[Extracted data entries]
Content starts
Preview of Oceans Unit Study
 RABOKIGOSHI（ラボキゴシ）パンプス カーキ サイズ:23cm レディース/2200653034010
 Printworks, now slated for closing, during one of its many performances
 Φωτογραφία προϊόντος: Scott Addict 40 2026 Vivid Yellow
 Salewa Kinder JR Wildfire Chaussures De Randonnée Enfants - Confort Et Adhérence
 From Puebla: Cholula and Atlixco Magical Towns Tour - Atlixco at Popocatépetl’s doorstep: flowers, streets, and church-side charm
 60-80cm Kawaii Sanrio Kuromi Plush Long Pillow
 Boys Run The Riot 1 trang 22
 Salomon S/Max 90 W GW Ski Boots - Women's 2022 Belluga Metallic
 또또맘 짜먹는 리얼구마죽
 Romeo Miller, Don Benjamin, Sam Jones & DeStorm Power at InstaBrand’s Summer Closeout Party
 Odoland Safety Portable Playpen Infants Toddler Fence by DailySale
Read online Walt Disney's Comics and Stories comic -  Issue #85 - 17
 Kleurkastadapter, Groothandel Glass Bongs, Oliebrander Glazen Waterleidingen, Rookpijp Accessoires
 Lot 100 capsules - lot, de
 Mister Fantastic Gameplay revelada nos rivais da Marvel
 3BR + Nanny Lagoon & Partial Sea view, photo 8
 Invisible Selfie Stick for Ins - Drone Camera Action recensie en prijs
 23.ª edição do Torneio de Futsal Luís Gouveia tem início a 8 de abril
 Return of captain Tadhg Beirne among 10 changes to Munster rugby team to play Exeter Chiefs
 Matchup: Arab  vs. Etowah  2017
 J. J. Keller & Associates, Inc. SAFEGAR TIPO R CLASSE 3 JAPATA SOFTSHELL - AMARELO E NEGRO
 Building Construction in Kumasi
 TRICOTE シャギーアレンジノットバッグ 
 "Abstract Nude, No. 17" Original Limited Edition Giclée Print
Content ends
=== What to produce ===
Of the entries above, repeat exactly the lines between the line with "또또맘 짜먹는 리얼구마죽" and the line with "Read online Walt", inclusive, and no others.

=== Problem solution ===
 또또맘 짜먹는 리얼구마죽
 Romeo Miller, Don Benjamin, Sam Jones & DeStorm Power at InstaBrand’s Summer Closeout Party
 Odoland Safety Portable Playpen Infants Toddler Fence by DailySale
Read online Walt Disney's Comics and Stories comic -  Issue #85 - 17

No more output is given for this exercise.